The newer, Nashville-bred songs reflect Alexander growing up and learning the very adult side of the music business. “Passing Lane” has country boogie feel, a deceptively upbeat rhythm for a look at thoughts of mortality brought on by a musician’s itinerant lifestyle: “I guess I finally realized/No one in this town retires.” “Hole In The Wall” is a (semi-nostalgic) look back at a dingy first apartment, the type of place that was nothing special – “It sure ain’t where my heart is/Just where I keep my stuff” – but, as you’ll realize years later, was the place you needed at the time. Alexander and his band recorded the mostly acoustic track live in the studio to give it an immediate, lived-in feel.
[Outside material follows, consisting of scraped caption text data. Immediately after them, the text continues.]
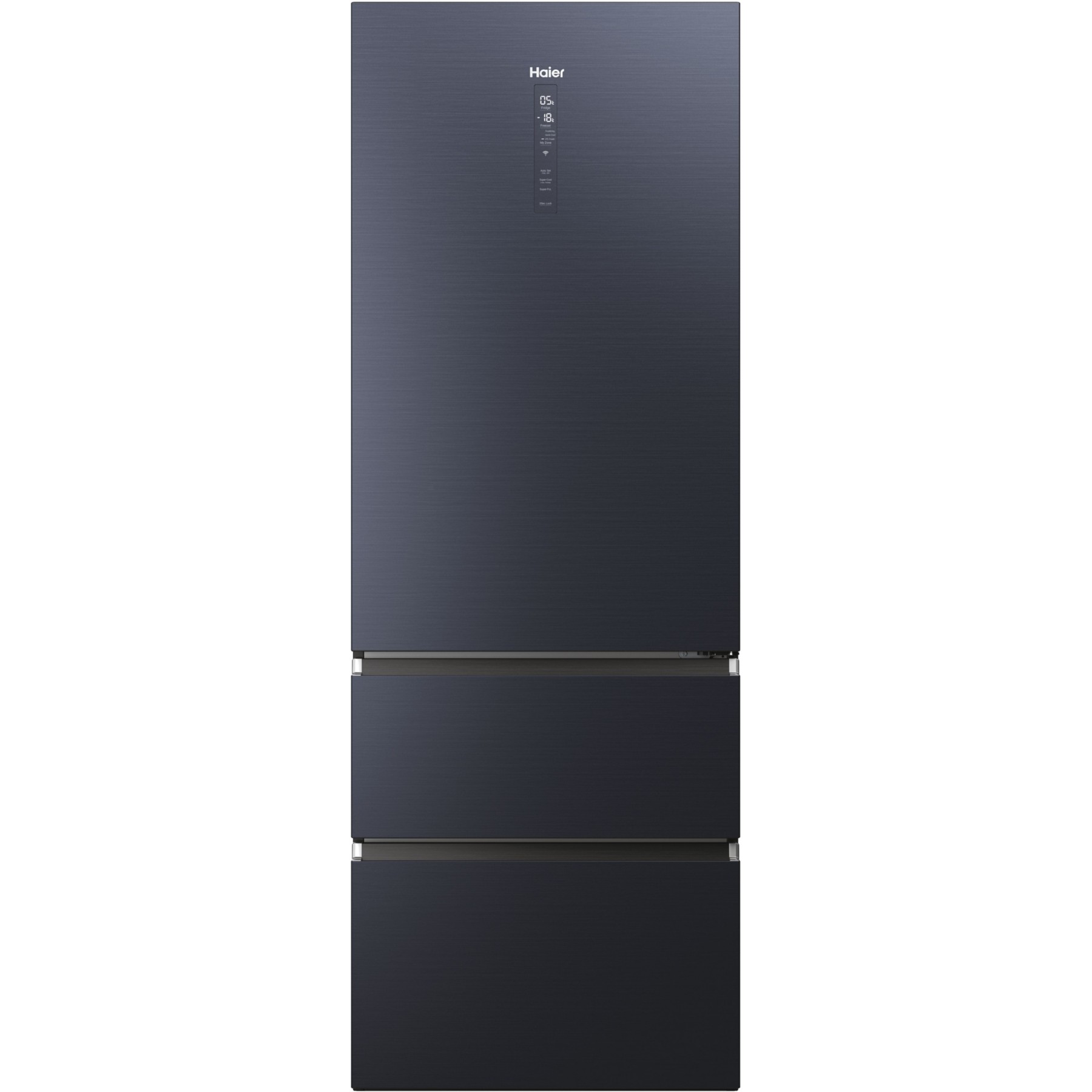 Réfrigérateur combiné HAIER HTW7720ENMB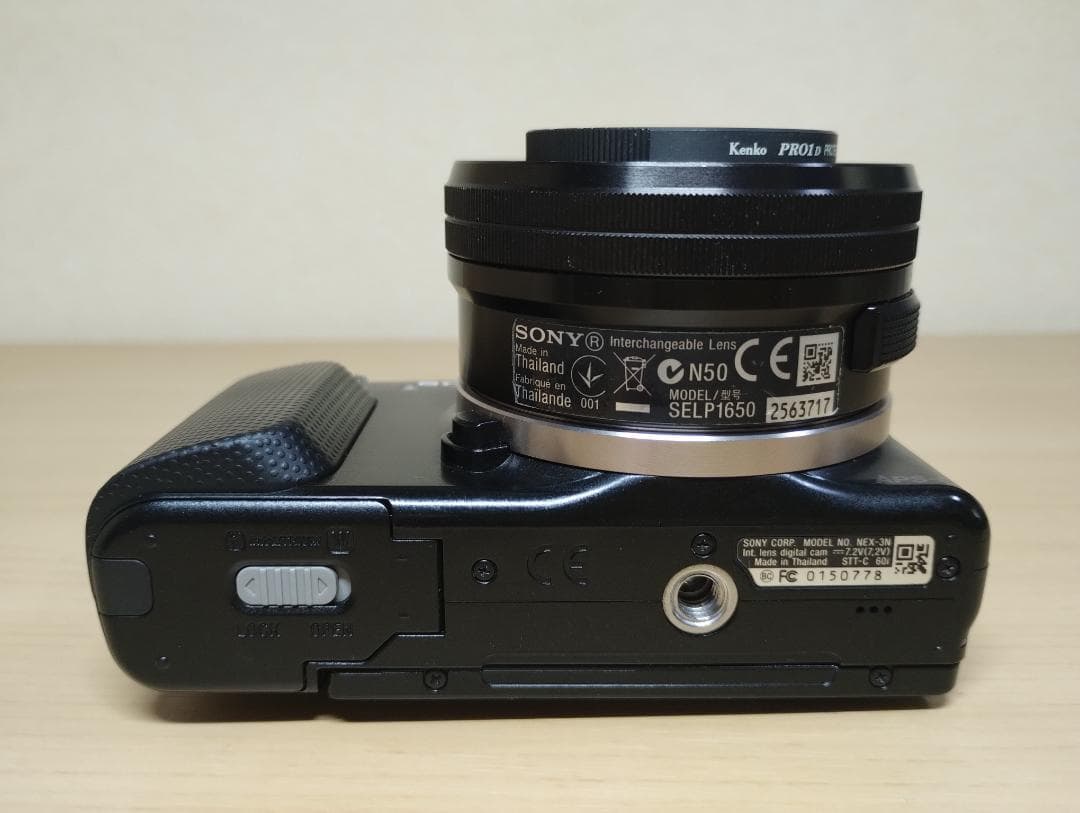 ✨自撮り SONY α NEX-3N パワーズームレンズキット ミラーレスカメラ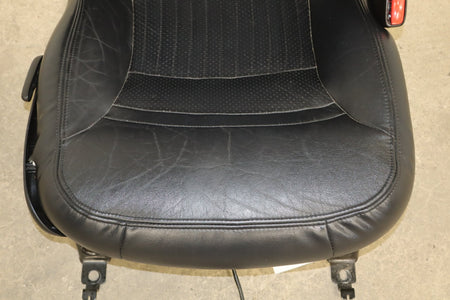 1999-2004 Chevrolet Corvette Passenger Black Leather Sport Seat 88991515 OEM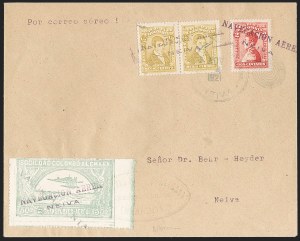 Sale 1213, Lot 589, 1921-23 Provisional Surcharges (by Colomphil No.)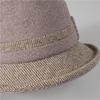Hat Female Autumn Winter Bucket Hat Padded Cotton Warm Cotton Hat Cold Cloth Hat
Hard-fought (and fought against) maturity is another theme on the album. “It Don’t Matter To The Rain,” in its gorgeous old-school country harmonies, reminds the listener that we’re entitled to nothing – “If you get the mind that anything is owed you/Just remember, it don’t matter to the rain.” “I Guess I Moved On” has the singer surprised at how his life (and that of a former lover) has changed. And the album’s closer, “Sorry For Growing Up”, is a piano-based ballad which asks which is harder, the mistakes of youth or the fear of missing out that comes with maturity. Do we miss too much when we grow up? Even in one’s passing, there’s not truly an answer: “When a grown man dies/They talk about how much he lived.”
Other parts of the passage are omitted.